Two strangers are thrown together for a long day of trying to collect a debt. They talk and talk and try to make or avoid anything like a “connection” as they do.

Insights about their characters, pieces of their histories tell each other and us how they met at this Brooklyn apartment and why they have to take on this Quixotic quest from Broolyn to Harlem, home to “Uptown Mike” and their money.

Defense mechanisms go up and come down, kneejerk prejudices are offered up and swatted down, all folded into a day of generally engaging subway ride chats, diner discourse and walks through a nearly empty park mere days before Christmas.

Olivia (Mary Neely) meets Amir (Kareem Rahma) as they’re both heading for the same Brooklyn apartment. We’ve just seen her selling clothes to raise cash. He’s fighting some sort of family fire via cell phone.

As he’s walking in the same direction, just a few steps behind her, he earns a New York “Hello.”

“I will f—–g TASE you!”

Relax.

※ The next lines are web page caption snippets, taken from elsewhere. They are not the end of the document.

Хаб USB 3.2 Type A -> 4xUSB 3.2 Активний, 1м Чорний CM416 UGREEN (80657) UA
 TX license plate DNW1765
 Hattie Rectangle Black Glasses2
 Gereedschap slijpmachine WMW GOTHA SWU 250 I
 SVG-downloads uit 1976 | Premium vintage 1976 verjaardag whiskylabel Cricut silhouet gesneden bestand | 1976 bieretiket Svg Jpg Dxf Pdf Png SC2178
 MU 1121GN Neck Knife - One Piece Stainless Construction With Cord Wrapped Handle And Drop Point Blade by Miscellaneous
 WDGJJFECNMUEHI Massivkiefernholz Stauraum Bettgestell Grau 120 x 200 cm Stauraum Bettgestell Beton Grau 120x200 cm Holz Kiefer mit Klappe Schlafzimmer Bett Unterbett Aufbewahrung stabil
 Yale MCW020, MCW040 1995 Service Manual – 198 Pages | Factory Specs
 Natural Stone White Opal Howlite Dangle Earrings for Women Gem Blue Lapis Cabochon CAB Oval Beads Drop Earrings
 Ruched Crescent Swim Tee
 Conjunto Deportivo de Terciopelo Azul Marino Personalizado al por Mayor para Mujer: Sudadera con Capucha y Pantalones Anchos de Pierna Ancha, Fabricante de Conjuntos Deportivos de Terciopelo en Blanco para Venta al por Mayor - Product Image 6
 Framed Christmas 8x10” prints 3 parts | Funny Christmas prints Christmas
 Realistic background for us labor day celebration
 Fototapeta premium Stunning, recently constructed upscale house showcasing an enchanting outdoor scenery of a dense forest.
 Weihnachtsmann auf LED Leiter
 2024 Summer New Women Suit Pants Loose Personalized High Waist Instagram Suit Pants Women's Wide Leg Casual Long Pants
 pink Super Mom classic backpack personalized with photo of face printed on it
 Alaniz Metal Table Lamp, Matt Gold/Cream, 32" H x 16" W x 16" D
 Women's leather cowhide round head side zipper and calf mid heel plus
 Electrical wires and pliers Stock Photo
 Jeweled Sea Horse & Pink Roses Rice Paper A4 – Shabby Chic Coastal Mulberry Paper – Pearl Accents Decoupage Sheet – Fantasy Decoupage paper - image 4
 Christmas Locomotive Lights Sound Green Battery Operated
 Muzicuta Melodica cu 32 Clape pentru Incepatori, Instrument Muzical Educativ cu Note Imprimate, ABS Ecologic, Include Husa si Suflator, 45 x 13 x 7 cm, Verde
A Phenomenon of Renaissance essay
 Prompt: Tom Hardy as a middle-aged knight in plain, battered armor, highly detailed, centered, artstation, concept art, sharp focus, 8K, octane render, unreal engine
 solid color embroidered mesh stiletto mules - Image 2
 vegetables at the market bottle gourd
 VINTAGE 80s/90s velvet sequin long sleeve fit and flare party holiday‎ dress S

He’s going to see Teddy. So is she. He lets her possibly racist hostility slide. Her “Sorry” is almost sincere enough to warrant it.

She needs cash that Teddy “owes” her. So does he. They both want the exact same amount — $1200. “Synchronicity?” Maybe. But Teddy (Brandon Wardell), in a wheelchair, his foot in a boot-cast, is all about deflection and distraction.

Couldya REFILL my Big Gulp? I could “write you an IOU on the IOU.”

Teddy’s manipulative. Teddy’s privileged. What New Yorker would trust Teddy to give them the time of day, much less money?

Surely they know that “your money is with Uptown Mike” is a dodge. No, Teddy can’t give you Mike’s exact address. No, he won’t give out the man’s phone number. There’s an excuse for why Mike has no social media presence/photo for them to look at.

Mike’s a “private dude?” Sure.

But off the two of them go, as beggars can’t be choosers and each appears to have some sort of cash-starved deadline. She wouldn’t talk at all, but she burns out her phone’s battery playing Sudoku on the subway. And when Olivia does converse, her attitudes, gender dogma and generation blurt out in a single sentence.

“Guys are only nice to the girls they want to have sex with.”

Amir’s reassurances to the contrary fall on deaf ears. Citing all the social media blasts from women who don’t “want to be approached” at work, in the gym, in the park or in the pubs and clubs is why “I just don’t talk to girls in real life.”

They have a day to work past this impasse, an afternoon fraught with confrontation (David Zayas plays the anti-gentrification crusader with a baseball bat, Uptown Mike), confession and confirmation bias.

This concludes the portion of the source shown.